JAKARTA – Menjelang pelaksanaan Musyawarah Nasional (Munas) X, Dewan Pimpinan Pusat (DPP) Lembaga Dakwah Islam Indonesia (LDII) menggelar audiensi dengan Menteri Kebudayaan RI, Fadli Zon, Senin (31/3). Pertemuan strategis ini menitikberatkan pada pentingnya pelibatan organisasi kemasyarakatan (ormas) Islam dalam upaya pelestarian dan penguatan kebudayaan nasional.
Dalam kesempatan tersebut, DPP LDII memaparkan berbagai program kerja unggulan yang berfokus pada pendidikan karakter. Sekaligus, secara resmi mengundang Menteri Kebudayaan untuk hadir sebagai narasumber utama pada perhelatan Munas X LDII yang dijadwalkan berlangsung pada 7-9 April mendatang.
Menteri Kebudayaan, Fadli Zon, menyambut baik langkah LDII dan berharap seluruh elemen masyarakat dapat berkontribusi aktif. “Kementerian Kebudayaan berharap semua unsur dan institusi dapat turut memajukan kebudayaan nasional secara bersama-sama, termasuk lembaga-lembaga ormas seperti LDII,” ungkapnya.

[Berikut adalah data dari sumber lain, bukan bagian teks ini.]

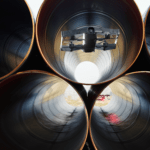 XTEND acquires Performance Rotors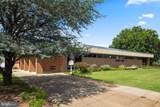 207 Hance Avenue - Photo 54
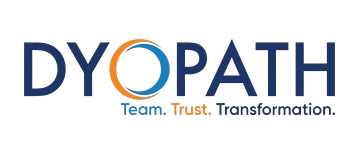 Dyopath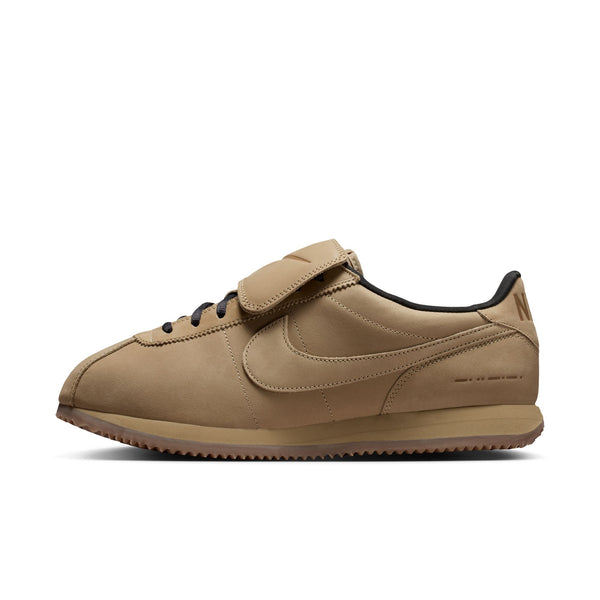 NIKE  - Nike Cortez Ltr Se - (297)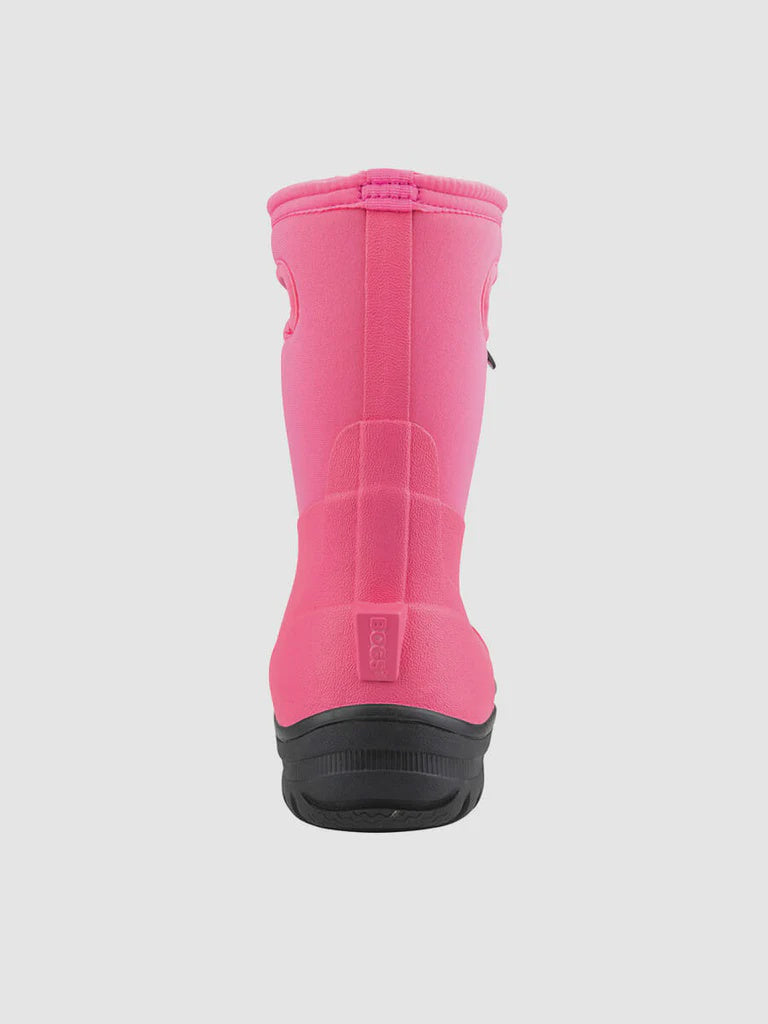 Bogs Ultra Mid Boots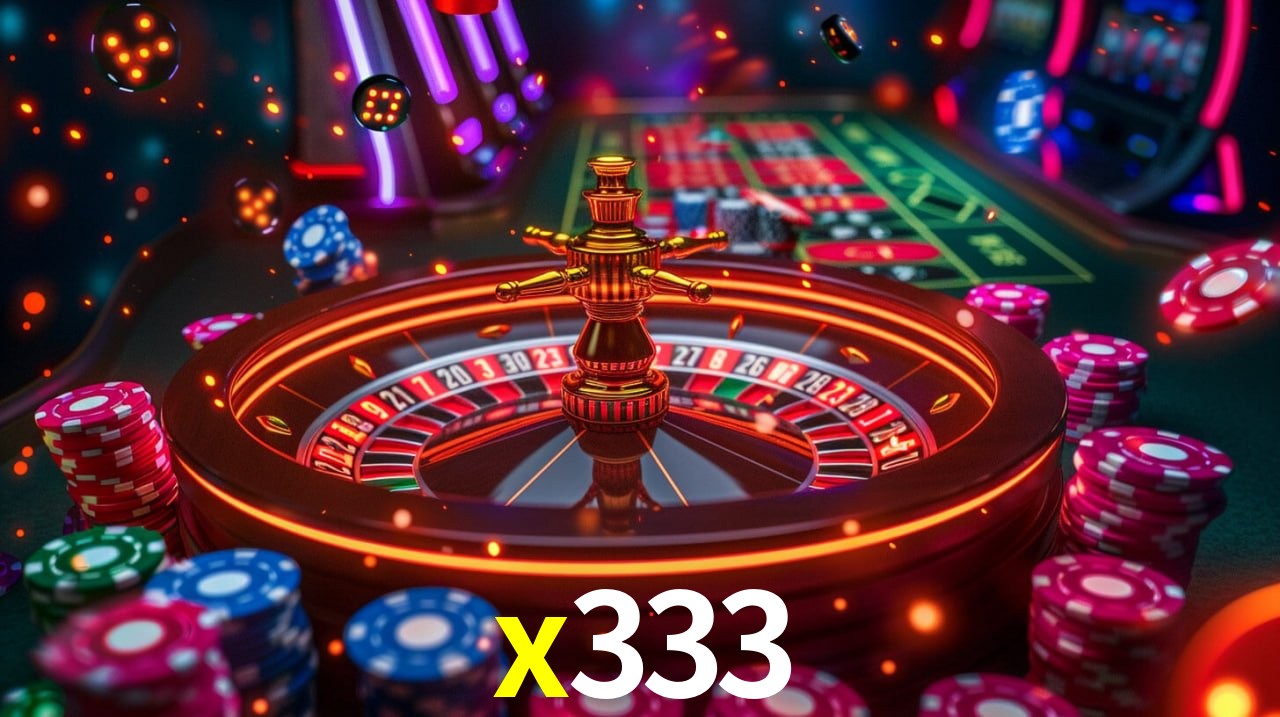 Estatísticas Crash Games x333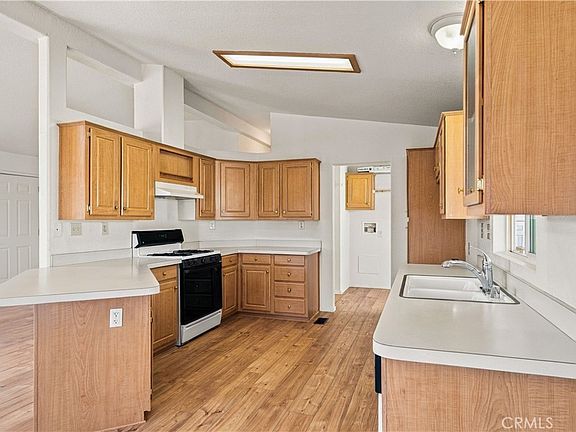3rd image of 27150 Shadel Rd Space 175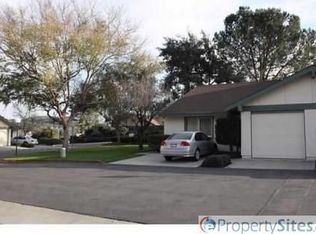 266 Parkside Gln, Escondido, CA 92026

Fadli Zon juga menegaskan komitmennya untuk menjalin kerja sama yang lebih erat dengan LDII, mengingat luasnya jaringan pendidikan yang dibina oleh ormas tersebut. “LDII memiliki pondok pesantren, perguruan tinggi, SMA, SMK, hingga tingkat SD. Kami membutuhkan kolaborasi semua pihak untuk memajukan kebudayaan Indonesia,” tegas mantan Wakil Ketua DPR RI tersebut.
Menanggapi hal tersebut, Ketua Umum DPP LDII, KH Chriswanto Santoso, menjelaskan bahwa penyelenggaraan Munas X bukan sekadar ajang konsolidasi internal organisasi, melainkan sebuah momentum untuk merespons dinamika lingkungan strategis global saat ini.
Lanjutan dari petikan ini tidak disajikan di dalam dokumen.